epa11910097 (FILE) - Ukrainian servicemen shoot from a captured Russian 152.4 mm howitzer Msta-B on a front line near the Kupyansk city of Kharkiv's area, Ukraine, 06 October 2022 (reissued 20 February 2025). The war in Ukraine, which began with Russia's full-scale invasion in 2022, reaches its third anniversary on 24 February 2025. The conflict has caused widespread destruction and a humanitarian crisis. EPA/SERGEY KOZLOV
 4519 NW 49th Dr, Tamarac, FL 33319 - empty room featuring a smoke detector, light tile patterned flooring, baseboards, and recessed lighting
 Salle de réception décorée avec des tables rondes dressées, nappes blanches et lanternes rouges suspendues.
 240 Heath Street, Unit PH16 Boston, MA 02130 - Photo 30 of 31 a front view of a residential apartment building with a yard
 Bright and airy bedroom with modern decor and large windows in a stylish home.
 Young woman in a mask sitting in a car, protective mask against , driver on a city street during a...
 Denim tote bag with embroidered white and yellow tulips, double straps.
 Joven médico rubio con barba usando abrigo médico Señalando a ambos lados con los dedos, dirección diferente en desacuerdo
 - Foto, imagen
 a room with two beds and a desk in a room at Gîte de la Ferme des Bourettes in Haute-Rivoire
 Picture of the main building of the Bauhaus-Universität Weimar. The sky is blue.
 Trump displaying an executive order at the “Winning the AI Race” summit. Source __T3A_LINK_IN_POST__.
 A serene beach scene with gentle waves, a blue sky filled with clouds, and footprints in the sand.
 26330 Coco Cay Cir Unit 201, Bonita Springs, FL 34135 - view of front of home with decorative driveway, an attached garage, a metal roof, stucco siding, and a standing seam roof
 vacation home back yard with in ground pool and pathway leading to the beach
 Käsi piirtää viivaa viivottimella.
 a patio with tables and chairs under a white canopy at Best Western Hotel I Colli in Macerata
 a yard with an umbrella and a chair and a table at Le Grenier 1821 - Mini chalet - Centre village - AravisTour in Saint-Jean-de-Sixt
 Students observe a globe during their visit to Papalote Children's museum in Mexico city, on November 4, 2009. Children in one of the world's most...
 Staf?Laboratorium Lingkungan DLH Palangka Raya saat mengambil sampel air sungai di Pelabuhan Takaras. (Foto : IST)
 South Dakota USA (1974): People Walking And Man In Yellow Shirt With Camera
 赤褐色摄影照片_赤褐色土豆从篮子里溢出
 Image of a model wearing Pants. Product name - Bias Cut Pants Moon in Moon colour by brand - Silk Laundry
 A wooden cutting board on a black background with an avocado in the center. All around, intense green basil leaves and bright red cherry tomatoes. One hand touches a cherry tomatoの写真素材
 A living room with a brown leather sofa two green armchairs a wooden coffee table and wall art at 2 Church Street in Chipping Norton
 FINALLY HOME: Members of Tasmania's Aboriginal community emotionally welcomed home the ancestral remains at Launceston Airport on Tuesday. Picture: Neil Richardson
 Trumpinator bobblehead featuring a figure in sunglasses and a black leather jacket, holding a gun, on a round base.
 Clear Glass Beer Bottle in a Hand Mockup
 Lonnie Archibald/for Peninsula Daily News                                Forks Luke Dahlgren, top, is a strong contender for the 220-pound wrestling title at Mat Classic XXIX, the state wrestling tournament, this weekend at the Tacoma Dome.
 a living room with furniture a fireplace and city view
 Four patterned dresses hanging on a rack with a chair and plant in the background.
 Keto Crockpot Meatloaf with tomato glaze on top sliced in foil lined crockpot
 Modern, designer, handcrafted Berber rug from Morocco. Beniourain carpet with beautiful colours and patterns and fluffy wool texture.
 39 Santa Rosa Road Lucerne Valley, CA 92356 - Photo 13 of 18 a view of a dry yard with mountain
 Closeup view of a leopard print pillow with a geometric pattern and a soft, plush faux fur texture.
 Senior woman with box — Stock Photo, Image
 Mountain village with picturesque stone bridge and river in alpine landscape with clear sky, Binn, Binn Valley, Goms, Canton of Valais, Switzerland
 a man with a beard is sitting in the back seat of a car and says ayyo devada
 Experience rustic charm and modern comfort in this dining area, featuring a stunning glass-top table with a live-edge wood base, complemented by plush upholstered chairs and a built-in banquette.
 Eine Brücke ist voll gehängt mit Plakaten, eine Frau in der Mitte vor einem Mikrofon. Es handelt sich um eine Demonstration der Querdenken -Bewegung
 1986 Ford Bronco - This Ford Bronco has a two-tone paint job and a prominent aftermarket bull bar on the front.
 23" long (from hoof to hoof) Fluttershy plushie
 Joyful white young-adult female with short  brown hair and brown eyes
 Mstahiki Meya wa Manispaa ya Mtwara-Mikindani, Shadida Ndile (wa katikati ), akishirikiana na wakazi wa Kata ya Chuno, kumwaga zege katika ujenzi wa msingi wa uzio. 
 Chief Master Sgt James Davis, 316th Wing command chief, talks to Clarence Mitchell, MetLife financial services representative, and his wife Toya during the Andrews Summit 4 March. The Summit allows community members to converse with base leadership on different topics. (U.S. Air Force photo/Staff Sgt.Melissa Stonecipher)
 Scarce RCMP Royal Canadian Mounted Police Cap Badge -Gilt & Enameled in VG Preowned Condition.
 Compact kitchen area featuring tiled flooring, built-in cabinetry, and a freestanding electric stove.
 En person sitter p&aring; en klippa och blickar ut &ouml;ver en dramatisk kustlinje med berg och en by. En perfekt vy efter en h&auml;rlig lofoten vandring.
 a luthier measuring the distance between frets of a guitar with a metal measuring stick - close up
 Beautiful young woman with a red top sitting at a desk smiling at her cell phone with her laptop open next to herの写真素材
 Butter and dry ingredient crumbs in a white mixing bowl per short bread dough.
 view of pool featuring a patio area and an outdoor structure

══════════

**WHAT IS REQUIRED**
The response should consist of all the entries, set down exactly.

**YOUR SOLUTION**
epa11910097 (FILE) - Ukrainian servicemen shoot from a captured Russian 152.4 mm howitzer Msta-B on a front line near the Kupyansk city of Kharkiv's area, Ukraine, 06 October 2022 (reissued 20 February 2025). The war in Ukraine, which began with Russia's full-scale invasion in 2022, reaches its third anniversary on 24 February 2025. The conflict has caused widespread destruction and a humanitarian crisis. EPA/SERGEY KOZLOV
 4519 NW 49th Dr, Tamarac, FL 33319 - empty room featuring a smoke detector, light tile patterned flooring, baseboards, and recessed lighting
 Salle de réception décorée avec des tables rondes dressées, nappes blanches et lanternes rouges suspendues.
 240 Heath Street, Unit PH16 Boston, MA 02130 - Photo 30 of 31 a front view of a residential apartment building with a yard
 Bright and airy bedroom with modern decor and large windows in a stylish home.
 Young woman in a mask sitting in a car, protective mask against , driver on a city street during a...
 Denim tote bag with embroidered white and yellow tulips, double straps.
 Joven médico rubio con barba usando abrigo médico Señalando a ambos lados con los dedos, dirección diferente en desacuerdo
 - Foto, imagen
 a room with two beds and a desk in a room at Gîte de la Ferme des Bourettes in Haute-Rivoire
 Picture of the main building of the Bauhaus-Universität Weimar. The sky is blue.
 Trump displaying an executive order at the “Winning the AI Race” summit. Source __T3A_LINK_IN_POST__.
 A serene beach scene with gentle waves, a blue sky filled with clouds, and footprints in the sand.
 26330 Coco Cay Cir Unit 201, Bonita Springs, FL 34135 - view of front of home with decorative driveway, an attached garage, a metal roof, stucco siding, and a standing seam roof
 vacation home back yard with in ground pool and pathway leading to the beach
 Käsi piirtää viivaa viivottimella.
 a patio with tables and chairs under a white canopy at Best Western Hotel I Colli in Macerata
 a yard with an umbrella and a chair and a table at Le Grenier 1821 - Mini chalet - Centre village - AravisTour in Saint-Jean-de-Sixt
 Students observe a globe during their visit to Papalote Children's museum in Mexico city, on November 4, 2009. Children in one of the world's most...
 Staf?Laboratorium Lingkungan DLH Palangka Raya saat mengambil sampel air sungai di Pelabuhan Takaras. (Foto : IST)
 South Dakota USA (1974): People Walking And Man In Yellow Shirt With Camera
 赤褐色摄影照片_赤褐色土豆从篮子里溢出
 Image of a model wearing Pants. Product name - Bias Cut Pants Moon in Moon colour by brand - Silk Laundry
 A wooden cutting board on a black background with an avocado in the center. All around, intense green basil leaves and bright red cherry tomatoes. One hand touches a cherry tomatoの写真素材
 A living room with a brown leather sofa two green armchairs a wooden coffee table and wall art at 2 Church Street in Chipping Norton
 FINALLY HOME: Members of Tasmania's Aboriginal community emotionally welcomed home the ancestral remains at Launceston Airport on Tuesday. Picture: Neil Richardson
 Trumpinator bobblehead featuring a figure in sunglasses and a black leather jacket, holding a gun, on a round base.
 Clear Glass Beer Bottle in a Hand Mockup
 Lonnie Archibald/for Peninsula Daily News                                Forks Luke Dahlgren, top, is a strong contender for the 220-pound wrestling title at Mat Classic XXIX, the state wrestling tournament, this weekend at the Tacoma Dome.
 a living room with furniture a fireplace and city view
 Four patterned dresses hanging on a rack with a chair and plant in the background.
 Keto Crockpot Meatloaf with tomato glaze on top sliced in foil lined crockpot
 Modern, designer, handcrafted Berber rug from Morocco. Beniourain carpet with beautiful colours and patterns and fluffy wool texture.
 39 Santa Rosa Road Lucerne Valley, CA 92356 - Photo 13 of 18 a view of a dry yard with mountain
 Closeup view of a leopard print pillow with a geometric pattern and a soft, plush faux fur texture.
 Senior woman with box — Stock Photo, Image
 Mountain village with picturesque stone bridge and river in alpine landscape with clear sky, Binn, Binn Valley, Goms, Canton of Valais, Switzerland
 a man with a beard is sitting in the back seat of a car and says ayyo devada
 Experience rustic charm and modern comfort in this dining area, featuring a stunning glass-top table with a live-edge wood base, complemented by plush upholstered chairs and a built-in banquette.
 Eine Brücke ist voll gehängt mit Plakaten, eine Frau in der Mitte vor einem Mikrofon. Es handelt sich um eine Demonstration der Querdenken -Bewegung
 1986 Ford Bronco - This Ford Bronco has a two-tone paint job and a prominent aftermarket bull bar on the front.
 23" long (from hoof to hoof) Fluttershy plushie
 Joyful white young-adult female with short  brown hair and brown eyes
 Mstahiki Meya wa Manispaa ya Mtwara-Mikindani, Shadida Ndile (wa katikati ), akishirikiana na wakazi wa Kata ya Chuno, kumwaga zege katika ujenzi wa msingi wa uzio. 
 Chief Master Sgt James Davis, 316th Wing command chief, talks to Clarence Mitchell, MetLife financial services representative, and his wife Toya during the Andrews Summit 4 March. The Summit allows community members to converse with base leadership on different topics. (U.S. Air Force photo/Staff Sgt.Melissa Stonecipher)
 Scarce RCMP Royal Canadian Mounted Police Cap Badge -Gilt & Enameled in VG Preowned Condition.
 Compact kitchen area featuring tiled flooring, built-in cabinetry, and a freestanding electric stove.
 En person sitter p&aring; en klippa och blickar ut &ouml;ver en dramatisk kustlinje med berg och en by. En perfekt vy efter en h&auml;rlig lofoten vandring.
 a luthier measuring the distance between frets of a guitar with a metal measuring stick - close up
 Beautiful young woman with a red top sitting at a desk smiling at her cell phone with her laptop open next to herの写真素材
 Butter and dry ingredient crumbs in a white mixing bowl per short bread dough.
 view of pool featuring a patio area and an outdoor structure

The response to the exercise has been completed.